TASK GOAL:
From the line containing "COMBINED GINGHAM BLOUSE" through the last line of the material, copy every line exactly, both ends inclusive; do not copy pictures.

DATA FOR REVIEW:
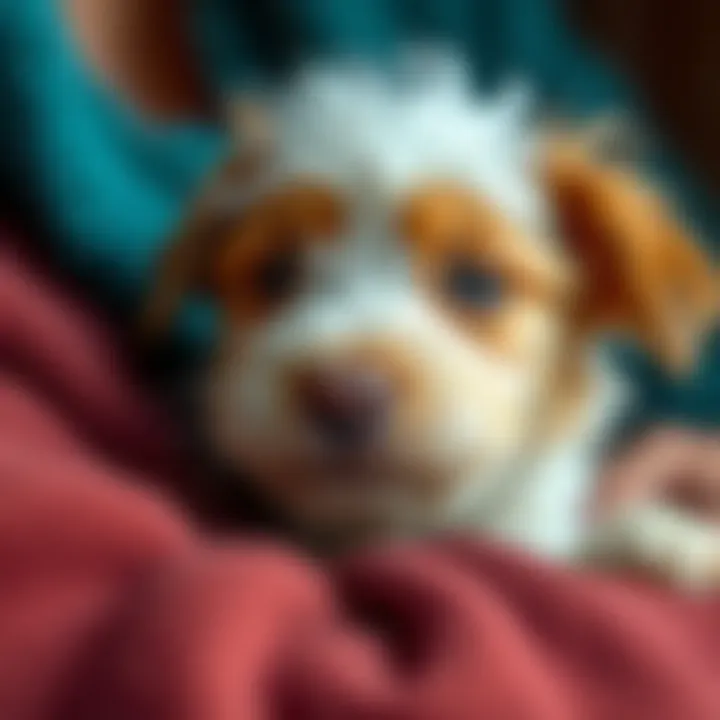 A close-up of a small, interactive pet engaging with its owner, emphasizing companionship
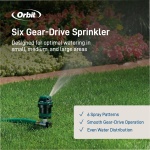Orbit H2O-Six Gear-Drive Sprinkler on Metal T-Spike - Customizable Lawn Watering Coverage - Multi-Pattern Rotating Head with Adjustable Spray Range - Durable Outdoor Yard Irrigation Sprinkler - 58573 - Image 2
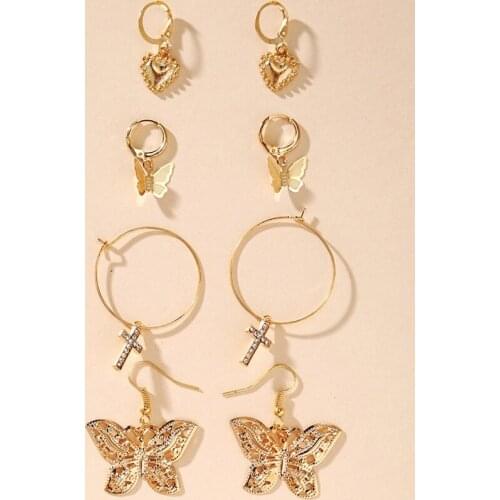 European And American Butterfly Love Pendant Earrings Set 4 Pairs Creative Retro Simple Alloy Metal Earrings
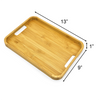 14" x 10" Bam & Boo Natural Bamboo Modern Serving Tray with Handles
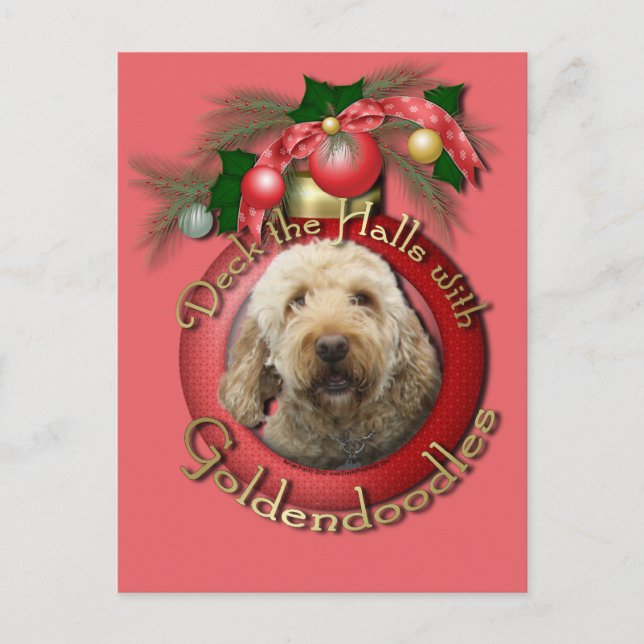 Jul - Deka Halls - Goldendoodles Helg Vykort (Framsida)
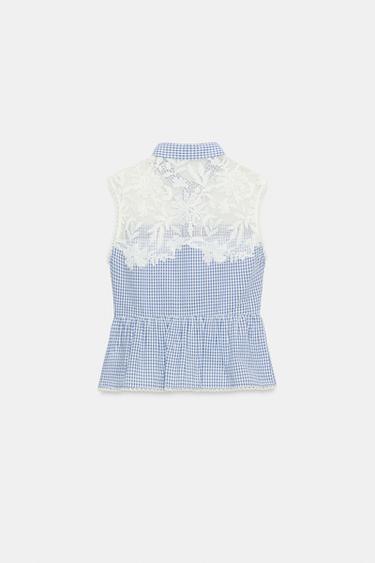 COMBINED GINGHAM BLOUSE - Blue/White by Zara - Image 6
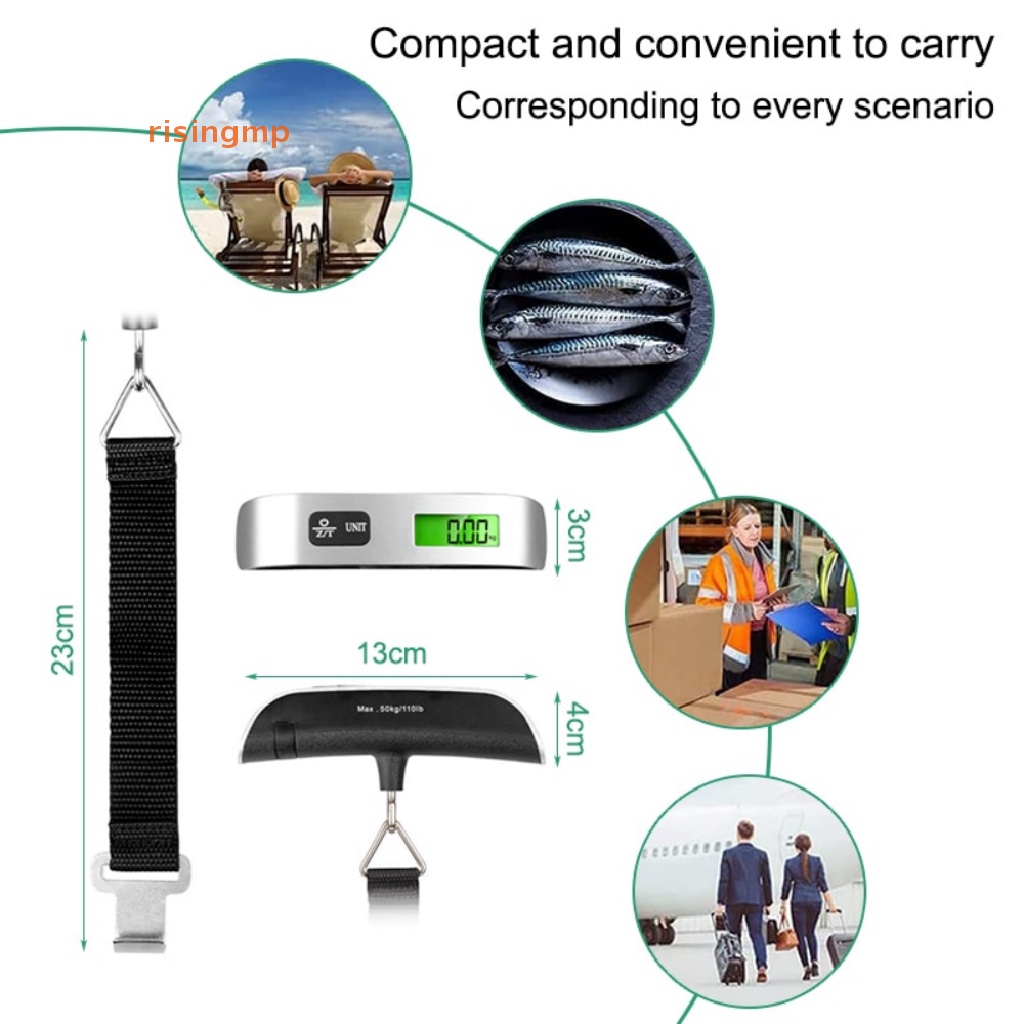 Cân Hành Lý Kỹ Thuật Số LCD Có Móc Treo Tiện Dụng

EXERCISE OUTPUT:
 COMBINED GINGHAM BLOUSE - Blue/White by Zara - Image 6
 Cân Hành Lý Kỹ Thuật Số LCD Có Móc Treo Tiện Dụng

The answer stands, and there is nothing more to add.